# Data
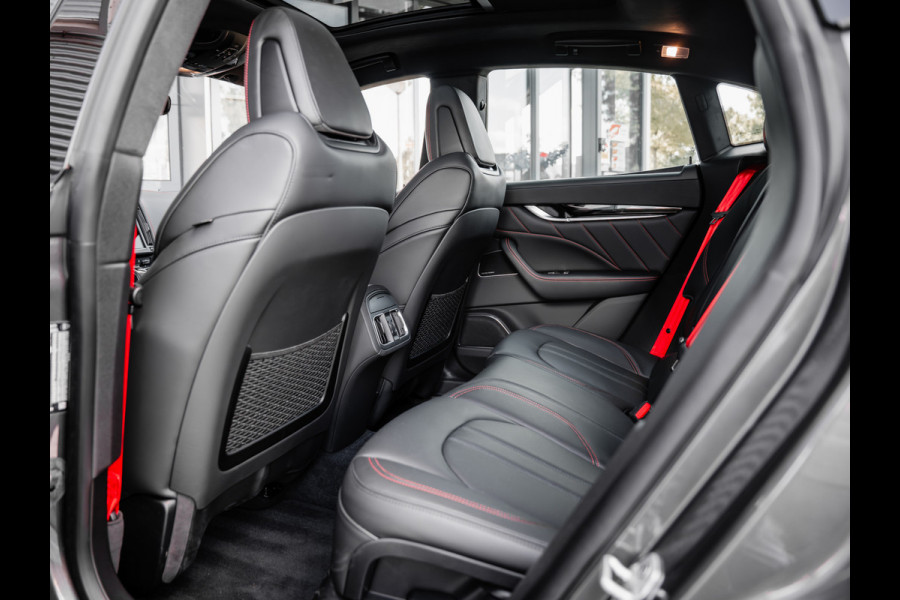 Maserati Levante 3.0 V6 Modena S | orig. NL | Panoramadak Maserati Levante 3.0 V6 Modena S | orig. NL | Panoramadak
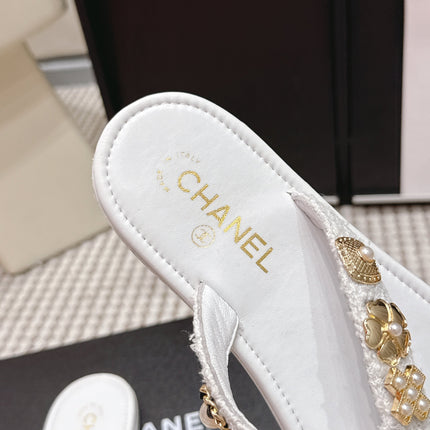 CHANEL 26S FLIP-FLOPS IN WHITE CALFSKIN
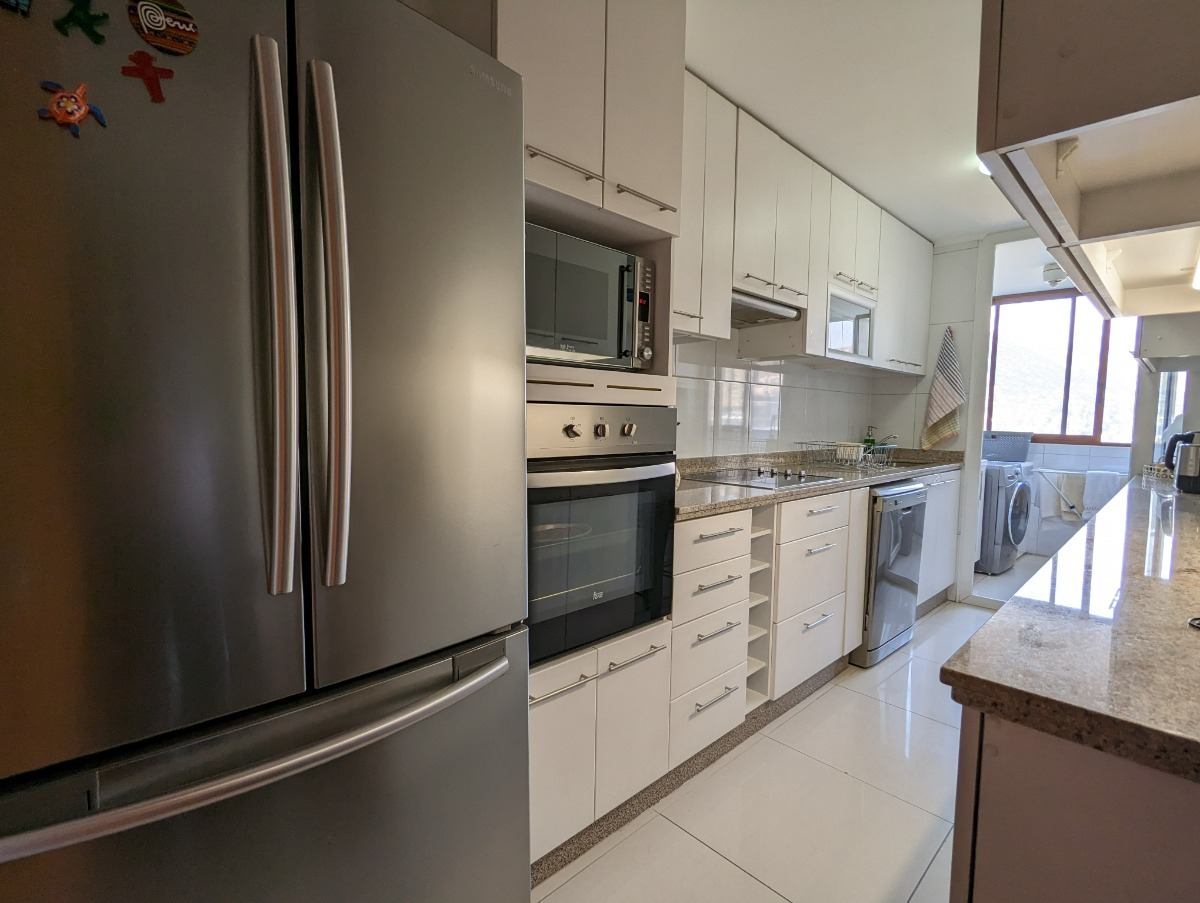 Venta Departamento O 2D en suite Walk-in cl&oacute;set 2B 2E 1Bd Plaza San Enrique - Lo Barnechea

# What to produce
Transcribe all of the lines above exactly as given. The pictures stay out.

# Reply
 Maserati Levante 3.0 V6 Modena S | orig. NL | Panoramadak Maserati Levante 3.0 V6 Modena S | orig. NL | Panoramadak
 CHANEL 26S FLIP-FLOPS IN WHITE CALFSKIN
 Venta Departamento O 2D en suite Walk-in cl&oacute;set 2B 2E 1Bd Plaza San Enrique - Lo Barnechea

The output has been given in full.